> Task statement: Repeat only the lines from the one containing "Au Pays Des" to the final line below, exactly as they read, and leave every picture out.
(Beginning of Data to examine)
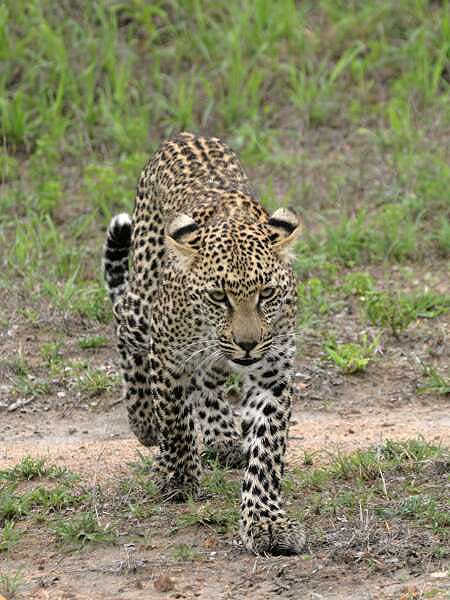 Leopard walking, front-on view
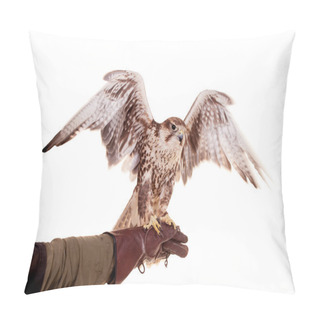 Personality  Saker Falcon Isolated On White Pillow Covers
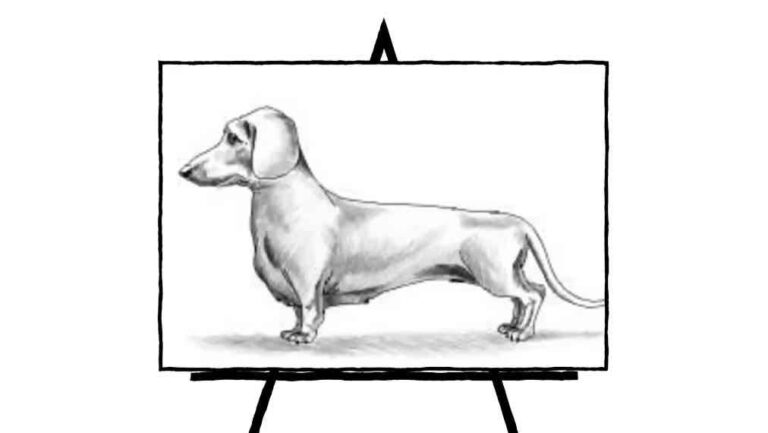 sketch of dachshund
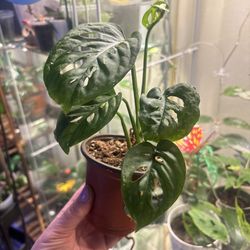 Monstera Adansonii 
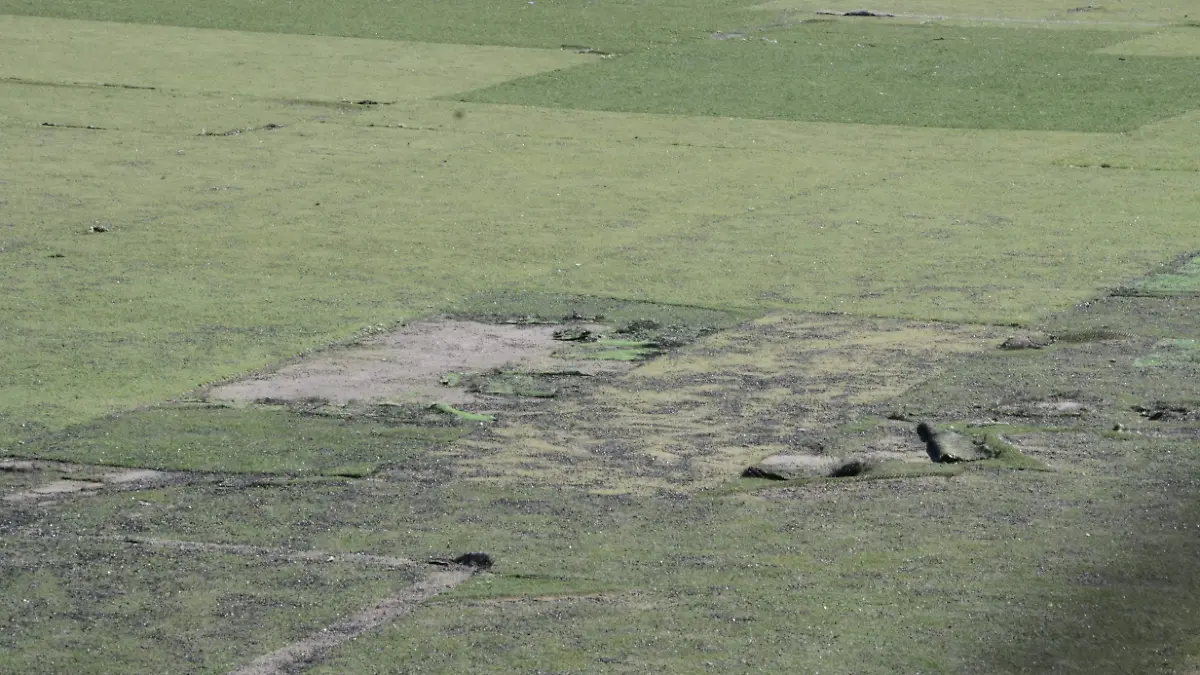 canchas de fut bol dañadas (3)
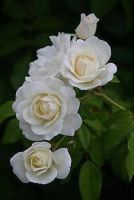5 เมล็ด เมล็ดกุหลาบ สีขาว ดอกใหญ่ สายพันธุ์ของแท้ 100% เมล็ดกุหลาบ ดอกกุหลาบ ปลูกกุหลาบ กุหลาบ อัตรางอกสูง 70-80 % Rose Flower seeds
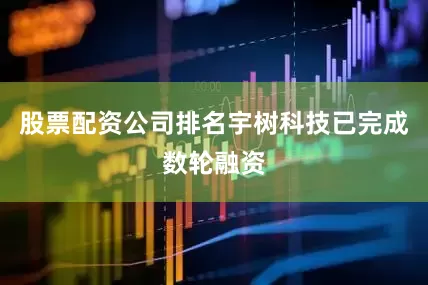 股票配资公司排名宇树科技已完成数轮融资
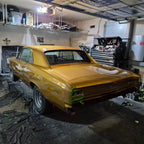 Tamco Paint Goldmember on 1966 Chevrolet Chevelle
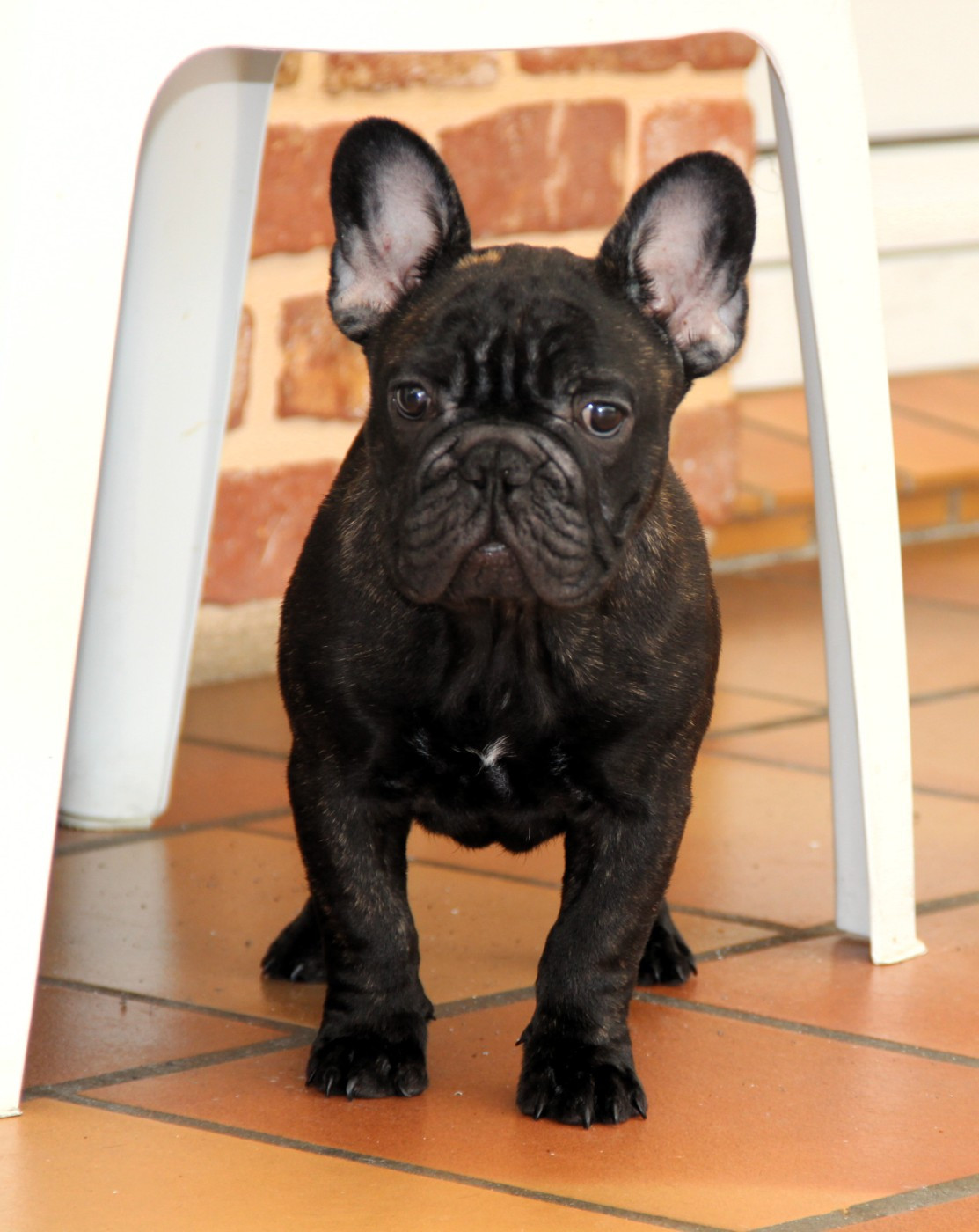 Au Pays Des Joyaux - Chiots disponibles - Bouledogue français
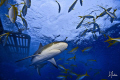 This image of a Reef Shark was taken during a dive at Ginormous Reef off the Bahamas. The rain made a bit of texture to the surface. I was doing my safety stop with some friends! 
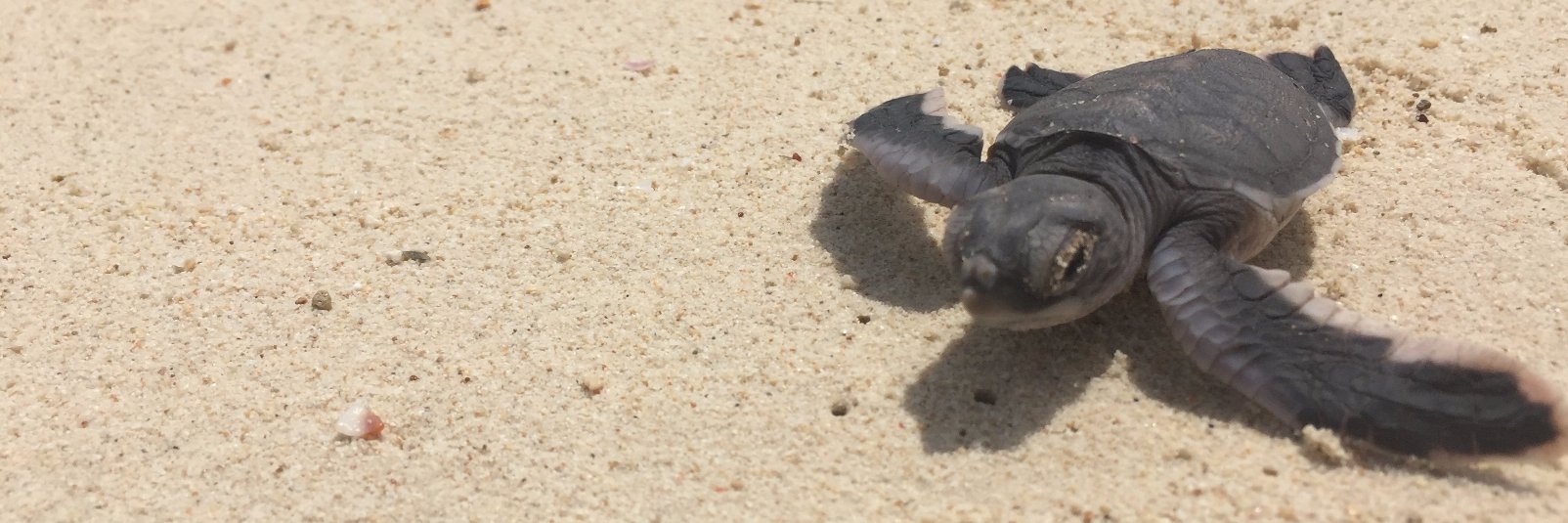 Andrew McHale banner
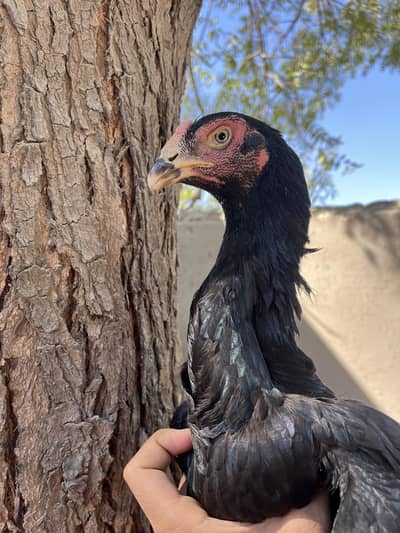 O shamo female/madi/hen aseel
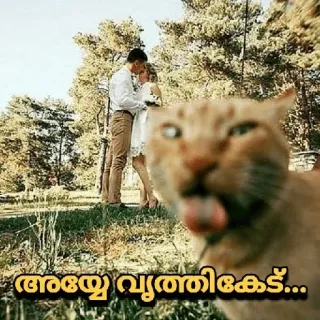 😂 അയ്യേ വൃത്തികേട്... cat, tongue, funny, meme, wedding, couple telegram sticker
(End of Data to examine)
> Answer to this exercise:
 Au Pays Des Joyaux - Chiots disponibles - Bouledogue français
 This image of a Reef Shark was taken during a dive at Ginormous Reef off the Bahamas. The rain made a bit of texture to the surface. I was doing my safety stop with some friends! 
 Andrew McHale banner
 O shamo female/madi/hen aseel
 😂 അയ്യേ വൃത്തികേട്... cat, tongue, funny, meme, wedding, couple telegram sticker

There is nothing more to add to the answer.